*Problem to work on*
Pictures in the data should be dropped; transcribe exactly the lines from the one that has "Postifull Black Painting" through the one that has "shower Kaart (Voorkant)".

*The input*
- Opening Delimiter -

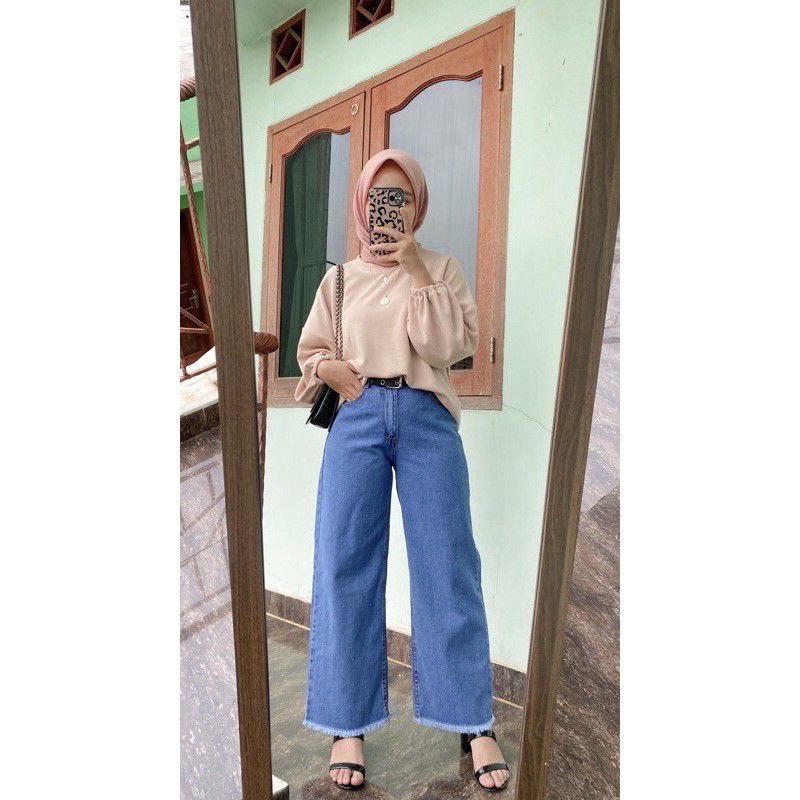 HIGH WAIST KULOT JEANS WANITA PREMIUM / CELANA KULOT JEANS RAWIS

- Closing Delimiter -
- Opening Delimiter -

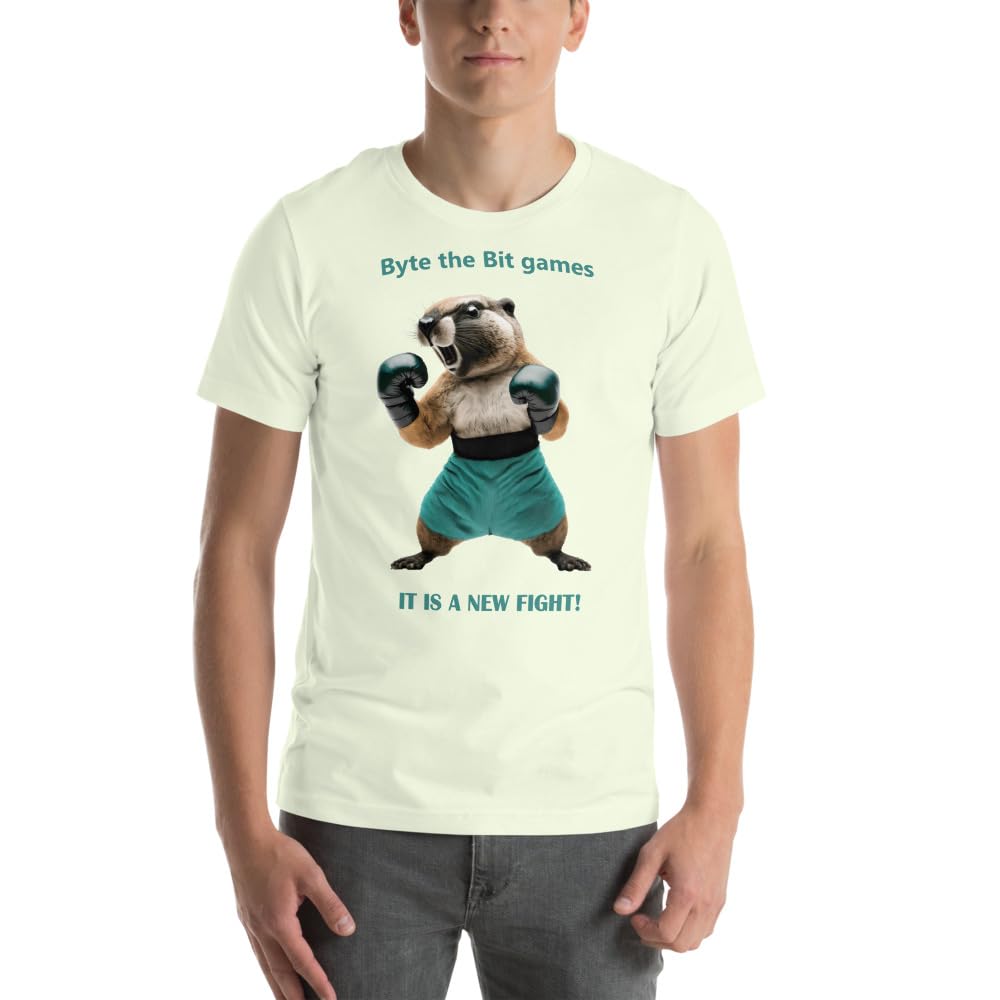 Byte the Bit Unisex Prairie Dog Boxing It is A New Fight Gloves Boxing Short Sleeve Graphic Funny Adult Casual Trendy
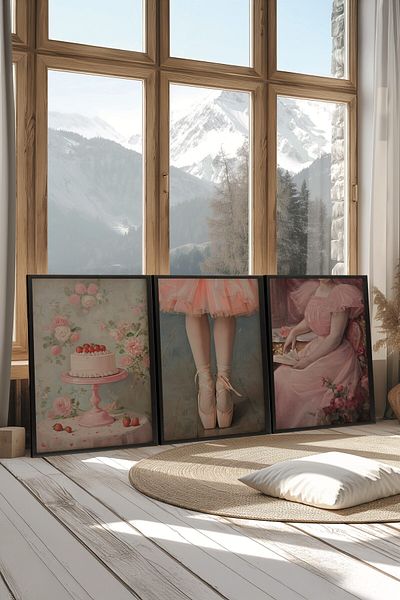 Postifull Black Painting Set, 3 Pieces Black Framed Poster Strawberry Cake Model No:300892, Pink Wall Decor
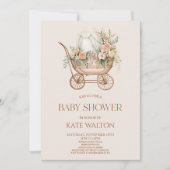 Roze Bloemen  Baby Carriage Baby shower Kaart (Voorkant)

- Closing Delimiter -

*Exercise solution*
 Postifull Black Painting Set, 3 Pieces Black Framed Poster Strawberry Cake Model No:300892, Pink Wall Decor
 Roze Bloemen  Baby Carriage Baby shower Kaart (Voorkant)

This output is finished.